Short descriptive text snippets:
-*-*-

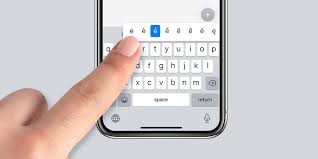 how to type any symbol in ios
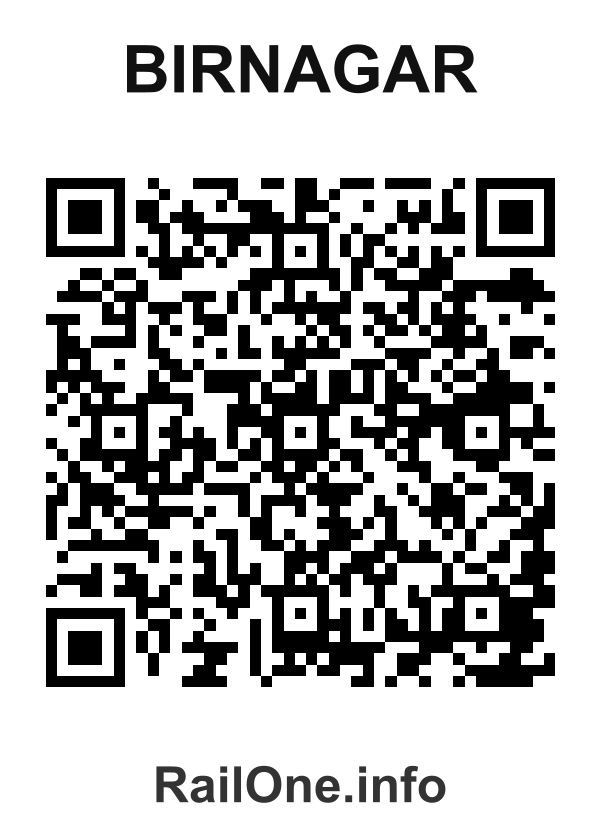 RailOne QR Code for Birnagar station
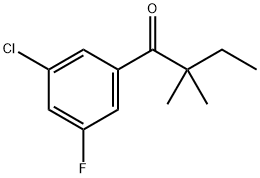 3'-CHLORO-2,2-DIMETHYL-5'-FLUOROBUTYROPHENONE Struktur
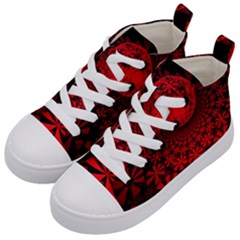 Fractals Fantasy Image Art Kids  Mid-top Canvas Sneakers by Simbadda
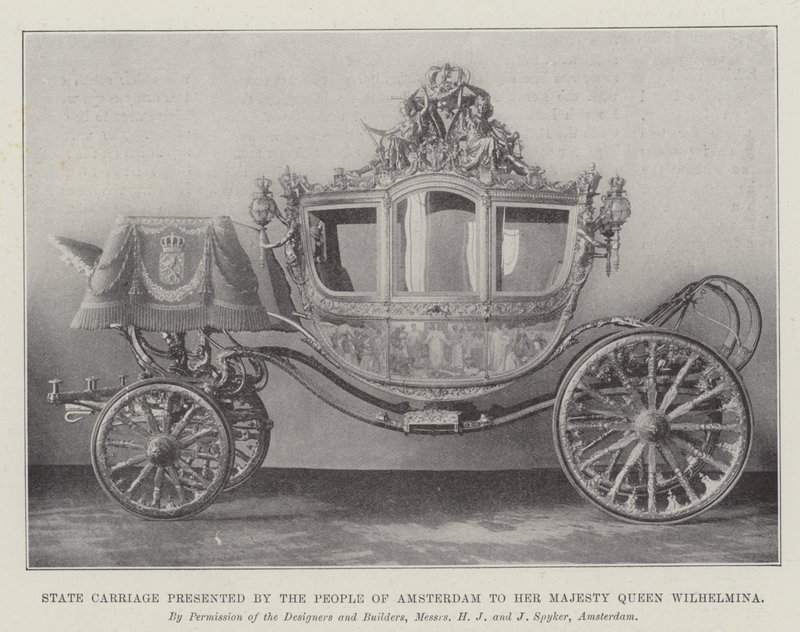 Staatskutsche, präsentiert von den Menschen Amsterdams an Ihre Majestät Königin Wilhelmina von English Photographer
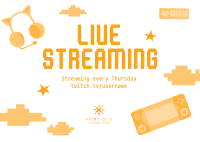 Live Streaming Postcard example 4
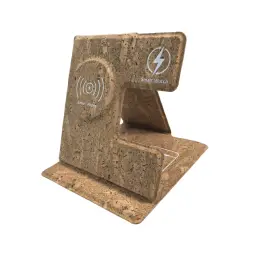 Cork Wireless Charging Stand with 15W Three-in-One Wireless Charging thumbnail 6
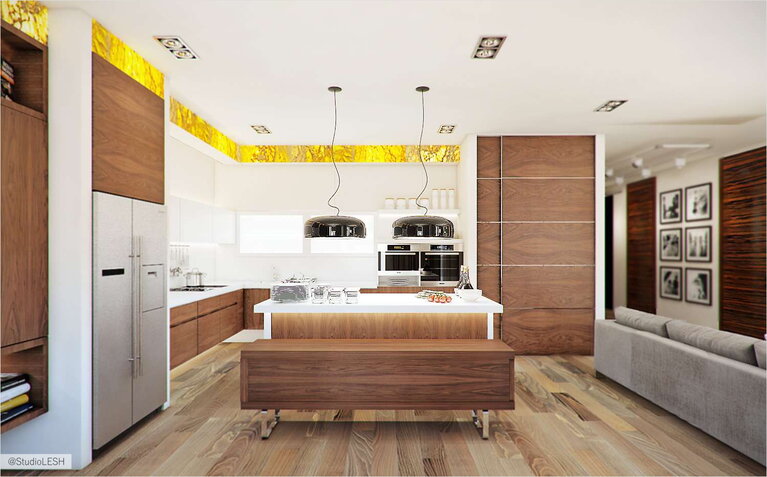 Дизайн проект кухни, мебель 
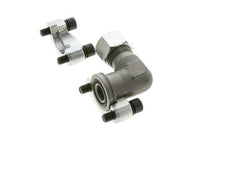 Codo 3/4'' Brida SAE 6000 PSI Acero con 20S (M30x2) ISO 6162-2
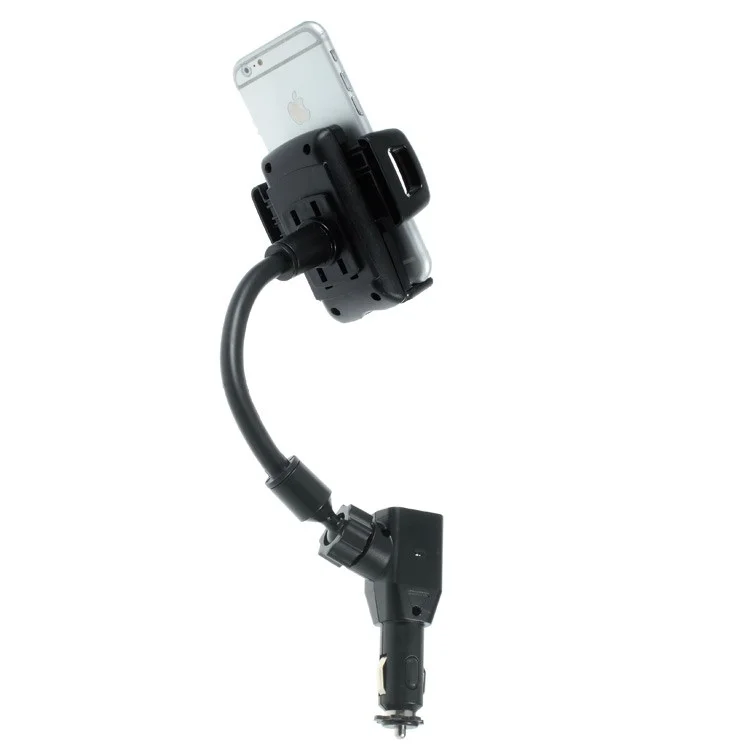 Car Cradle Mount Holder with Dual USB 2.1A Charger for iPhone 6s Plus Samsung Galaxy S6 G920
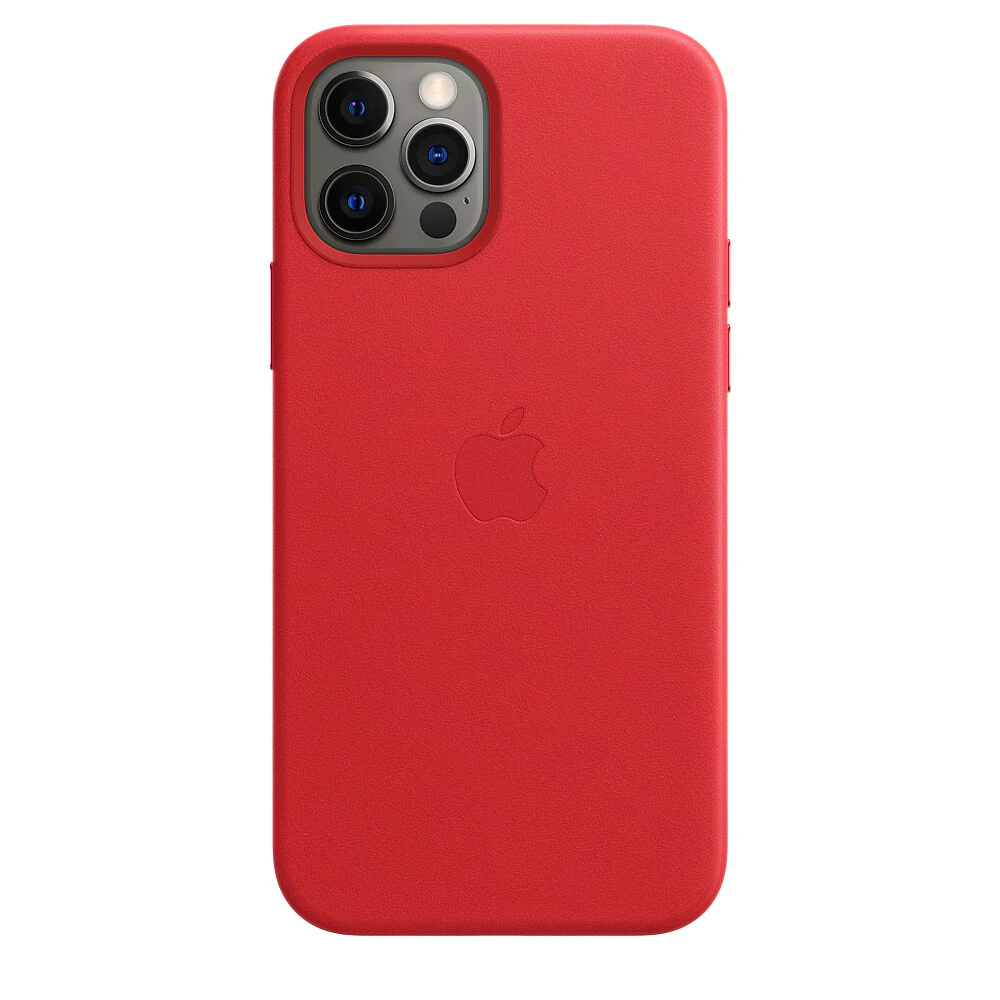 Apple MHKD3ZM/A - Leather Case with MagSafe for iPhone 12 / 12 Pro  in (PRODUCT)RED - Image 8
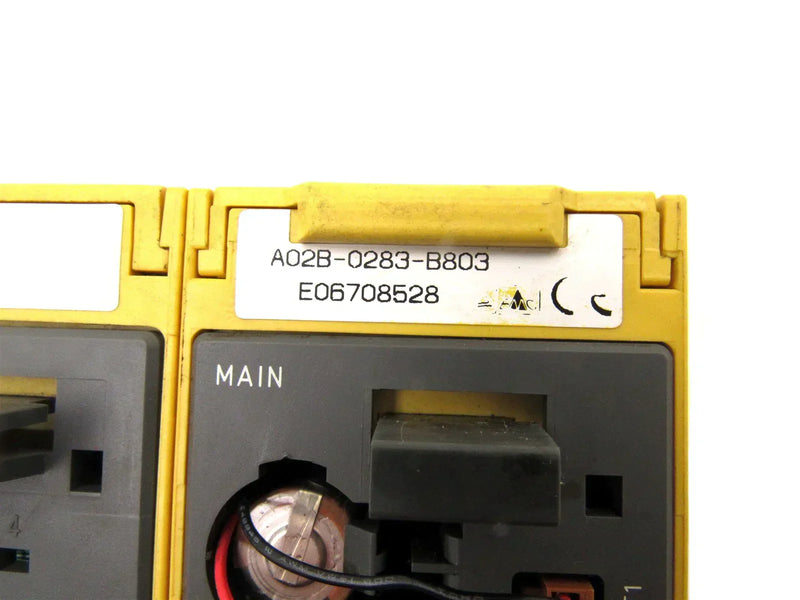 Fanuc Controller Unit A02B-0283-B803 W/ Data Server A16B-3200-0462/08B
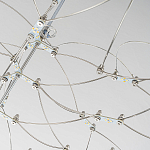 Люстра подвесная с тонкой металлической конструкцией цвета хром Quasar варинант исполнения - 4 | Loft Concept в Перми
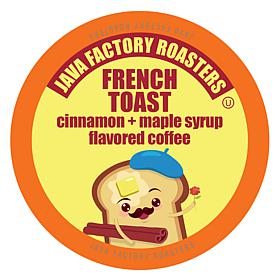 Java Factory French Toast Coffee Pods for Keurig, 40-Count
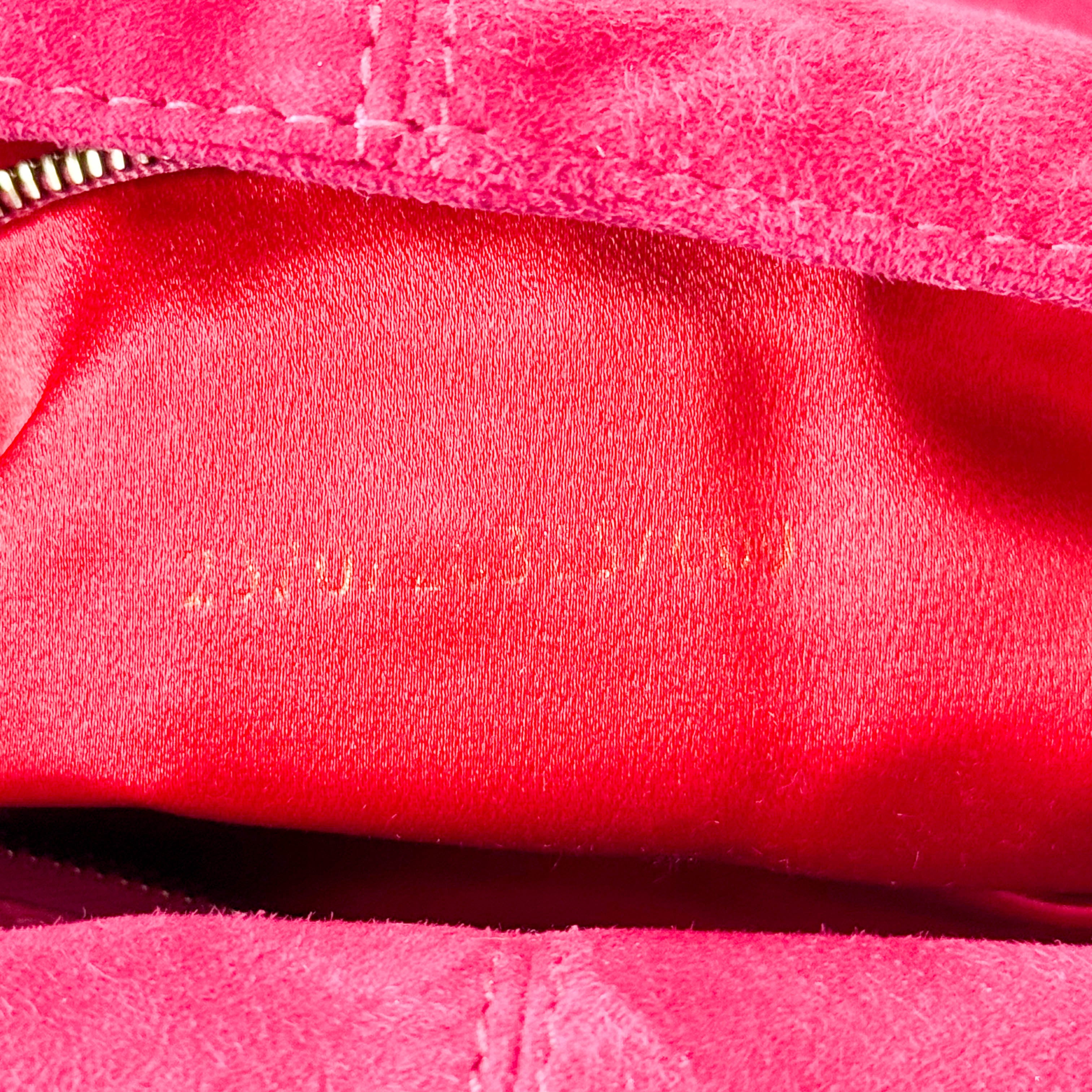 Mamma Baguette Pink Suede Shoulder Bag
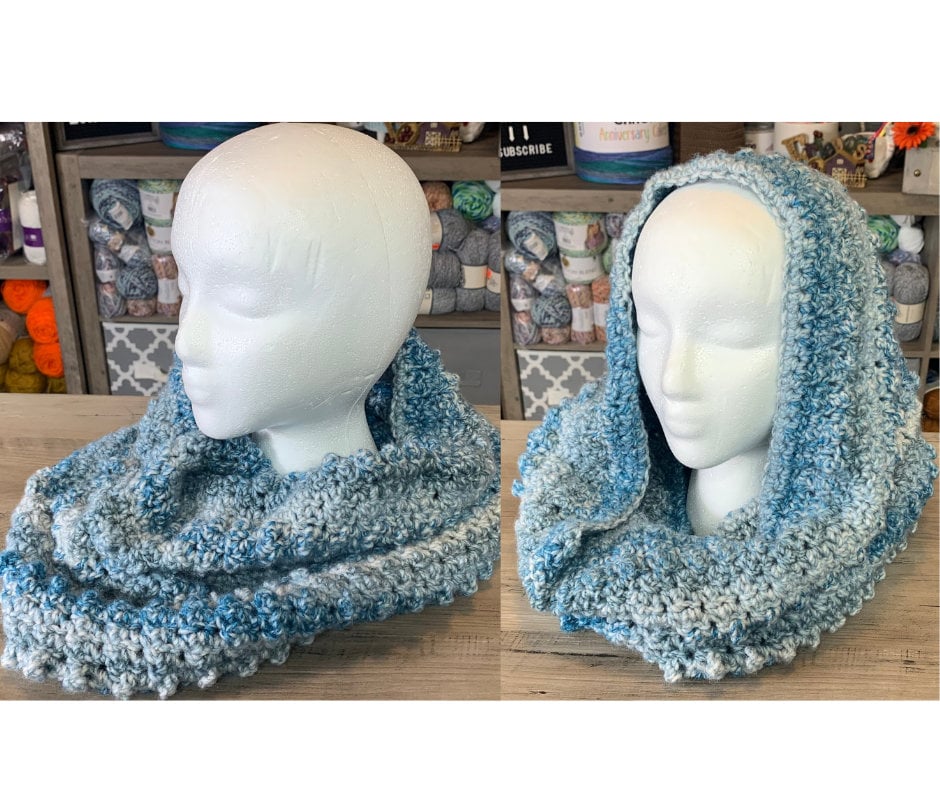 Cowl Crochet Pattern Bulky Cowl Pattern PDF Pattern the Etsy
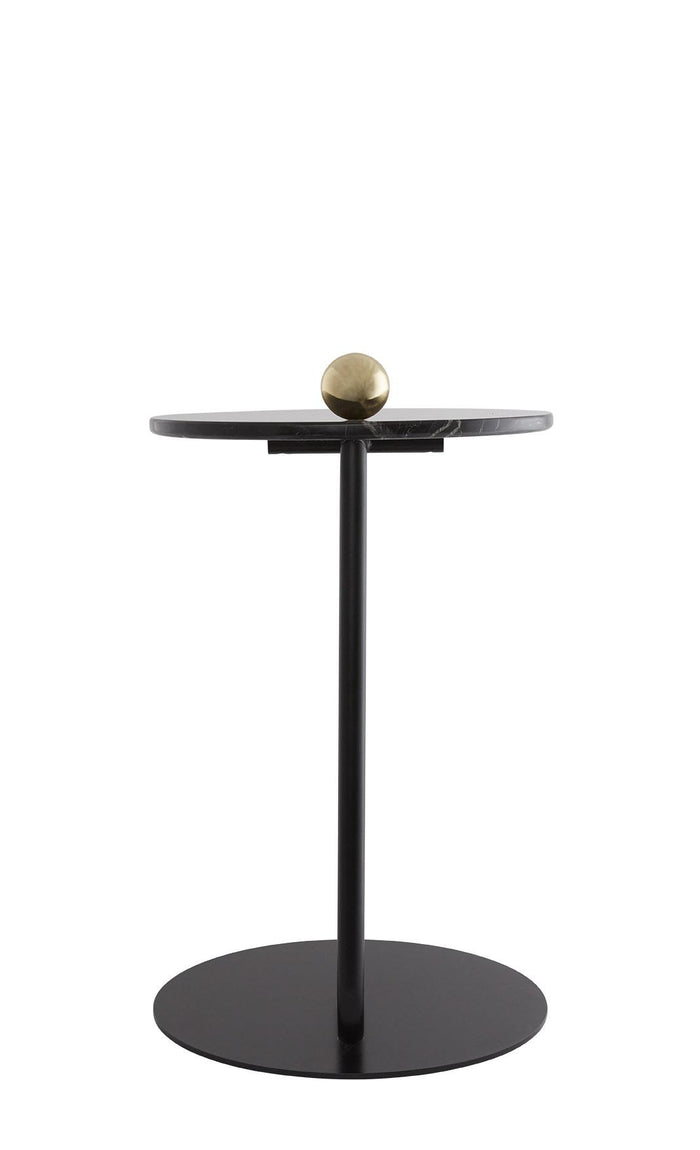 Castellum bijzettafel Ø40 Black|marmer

-*-*-

Task requirements:
Return only the lines from the one that contains "Java Factory French" through the closing line of the data, inclusive, reproduced exactly and with every picture left out.

Result:
 Java Factory French Toast Coffee Pods for Keurig, 40-Count
 Mamma Baguette Pink Suede Shoulder Bag
 Cowl Crochet Pattern Bulky Cowl Pattern PDF Pattern the Etsy
 Castellum bijzettafel Ø40 Black|marmer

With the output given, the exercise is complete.